There are different types of nodes in a Hadoop cluster, and their requirements for disk are different. The primary (master) node focuses on storage reliability, and data nodes require better read and write performance and larger capacity.
In a virtual cluster, storage (datastore) can be divided into two types: local and shared. Local storage can only be accessed by virtual machines on the host on which it resides, while shared storage is accessible to virtual machines on other hosts. Local storage has better read and write performance, and shared storage is more reliable.
The algorithm for disk deployment provides the optimal storage scheme for different types of Hadoop nodes based on user input.

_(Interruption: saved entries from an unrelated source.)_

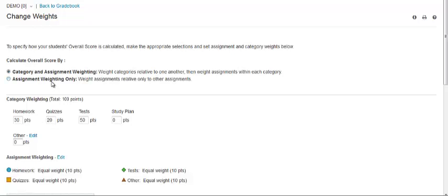If you use assignment weighting only, assignments are weighted relative to other assignments only — category weights are not used in calculations. You can set weights in points for individual assignments or weight assignments by total possible assignment points instead of the default 10 points. If you weight by possible points, your changes will be applied only to assignments created after you have made this customization and clicked Update.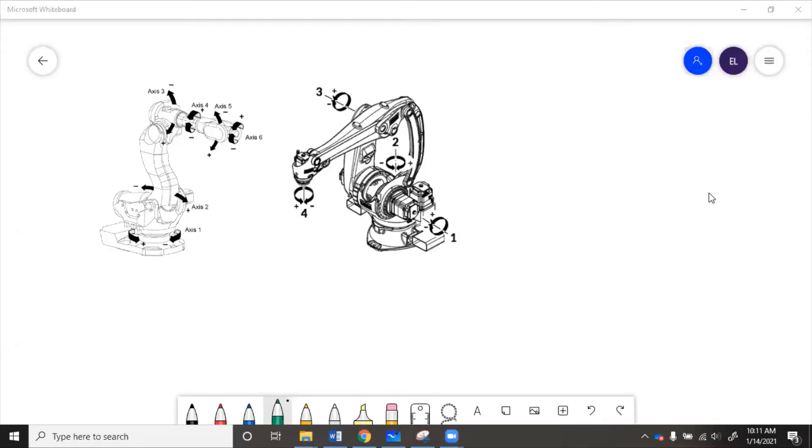How do you know what size robot to choose for a job? Well, robots are specced off of three main things: the number of axes, the payload, and the reach.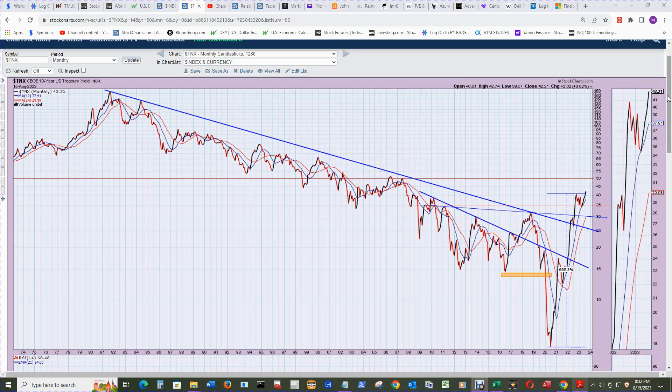And 5% is the next ultimate goal here, and the bond vigilantes are out in full force these days.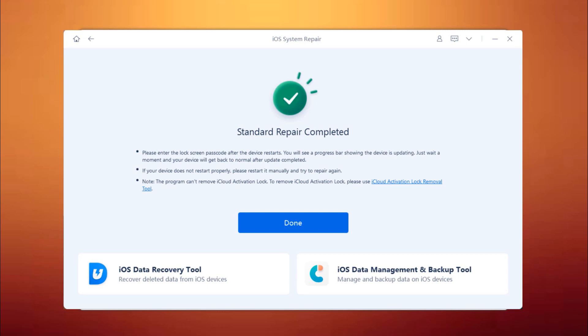You're ready to use your fixed iPhone. So whether your phone is stuck in a boot loop or you just can't get it to work, Tenorshare ReiBoot can fix your problem within minutes. So that's all for now.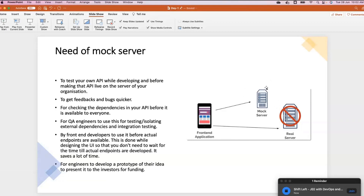Front-end developers can use it before actual endpoints are available. It can also be used by engineers to develop a prototype of their idea to present to investors for funding. Instead of writing all the microservices, you can quickly create a mock, build a front-end application, and demonstrate the entire end-to-end architecture — with actual prototype behavior and expected outcomes that you want to project to your stakeholders. That's where we need the mock server.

First look at the master node in the Hadoop cluster. Shared storage is necessary because the primary node requires higher reliability and is typically configured with vsphere high-availability (high availability) and fault tolerant (Fault tolerance) features. The following is a fragment of a JSON-formatted configuration file that shows how to specify the storage for the primary group of nodes.
1 {
2 "nodegroups": [
3 {
4 "name": "Master",
5 "Roles": [
6 "Hadoop_namenode",
7 "Hadoop_jobtracker"
8],
9 "Instancenum": 1,
"Instancetype": "LARGE",
One "Cpunum": 2,
"MEMCAPACITYMB": 4096,
"Storage": {
"Type": "SHARED",
"SIZEGB": 20
16},
"Haflag": "On",
"Rpnames": [
"Rp1"
20]
21},
Starting at line 13th is about the configuration of the store, specifying the storage using the shared type (line 14th "type": "Shared") with a size of 20GB. Line 17th "Haflag": "On" Specifies the high Availability (HA) attribute to use vsphere. Serengeti allocates a shared type of storage to the primary node when allocating disk.
Here's a look at the data nodes in the Hadoop cluster. These nodes have a large amount of disk read and write operations, and depending on the type of storage available to the user, the system uses a different disk deployment algorithm.
For a user-specified case of shared storage, because the underlying storage is SAN or NAS, which is already made up of multiple physical disks, and the scheduling of the disks is hidden behind the controller, the optimal disk deployment algorithm is to assemble the required storage space on a shared storage. If there is not enough space for a shared storage, the system places the remaining storage space on the next available shared storage until all of the required storage space is allocated.
Another scenario is the user-specified local storage. For local storage, we recommend that users define each physical disk separately (one datastore for each physical disk). In this way, we can increase the overall disk throughput of Hadoop by (1) using as much local storage as possible and (2) providing more physical disk topology information.